@geceninhanimii
|
Uygulama indiğinde merakla üzerine tıklayarak açtım. Gelen ana sayfada "Giriş yap" ve "Üye ol" kısmından üye ol kısmına tıklarke ekranın üstünden düşen mesaj bildirimine baktım.
Baran: Gerçek adını ve fotoğrafını kullanma. Uygulamadan her türden insan var. Bu yüzden orada olduğun kişi değil, olmayı istediğin kişi ol.
Baran'ın attığı mesajdan sonra dolan gözlerimi yavaşça sildim fakat gözyaşlarım ellerimden daha hızlıydı. Ben bir tane sildikçe ardından iki tane geliyordu. Bana, olduğun kişi değil olmak istediğin kişi ol demişti ama ben, bir şey dışında her şeyimi seviyordum. Kimsesiz hayatımı dahi seviyordum ama hastalığım yüzünden ölmeye mahkum olmuş bir insandım. Olmak istediğim insan tipi: sağlıklı bir insandı.

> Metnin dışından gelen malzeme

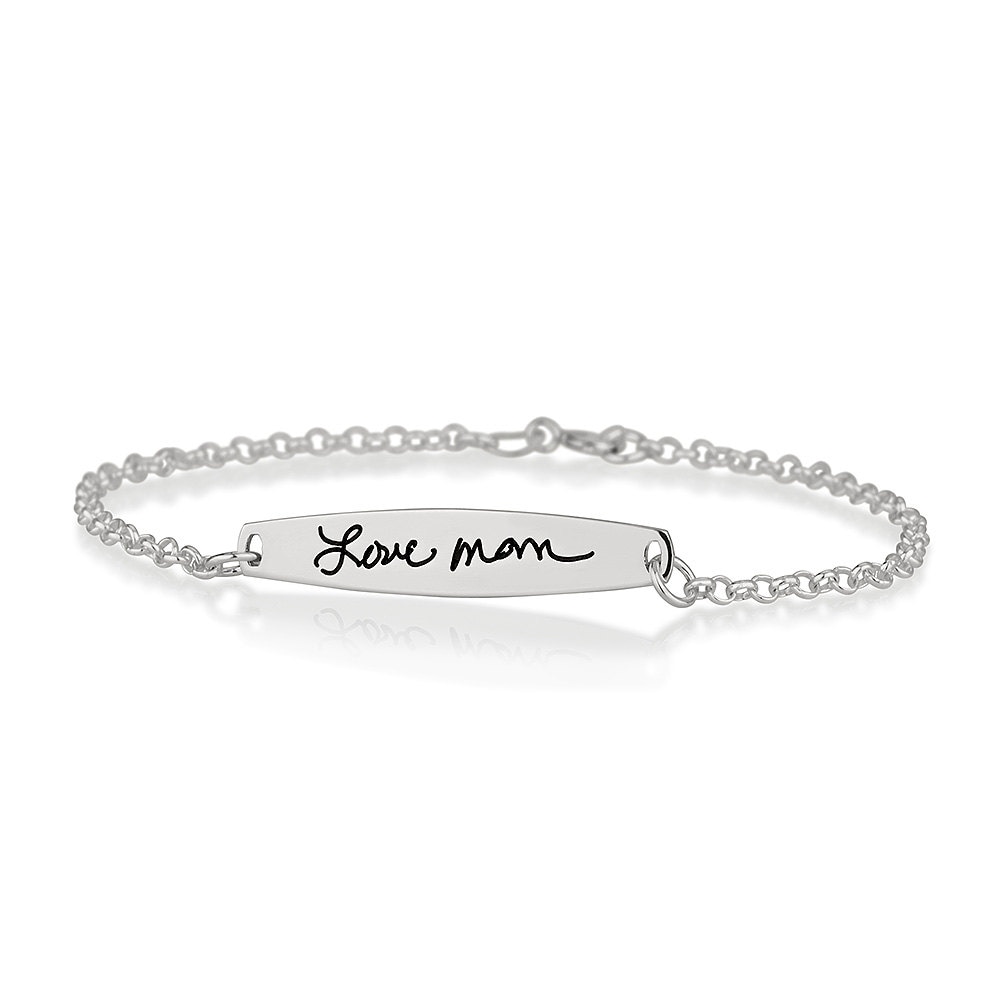 sterling Silber Handschrift Armband - Personalisierter Signature Schmuck von CarolJewelryArt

Derin bir nefes aldım ve Baran'a "tamam" yazarak uygulamaya geri girdim. Kullanıcı adı kısmına bir süre düşündükten sonra gülümseyerek "Boş İşler Müdüresi" yazdım. Şifre, e-posta ve numaramı da girdikten sonra kayıt oldum ve hesabımı doğruladım. Profil fotoğrafıma googleden bulduğum arkası dönük bir kadın silüeti koyduktan sonra hakkımda kısmına "Bir gün öleceğim ve mezarıma bir çicek dahi koyanım olmayacak." yazdım.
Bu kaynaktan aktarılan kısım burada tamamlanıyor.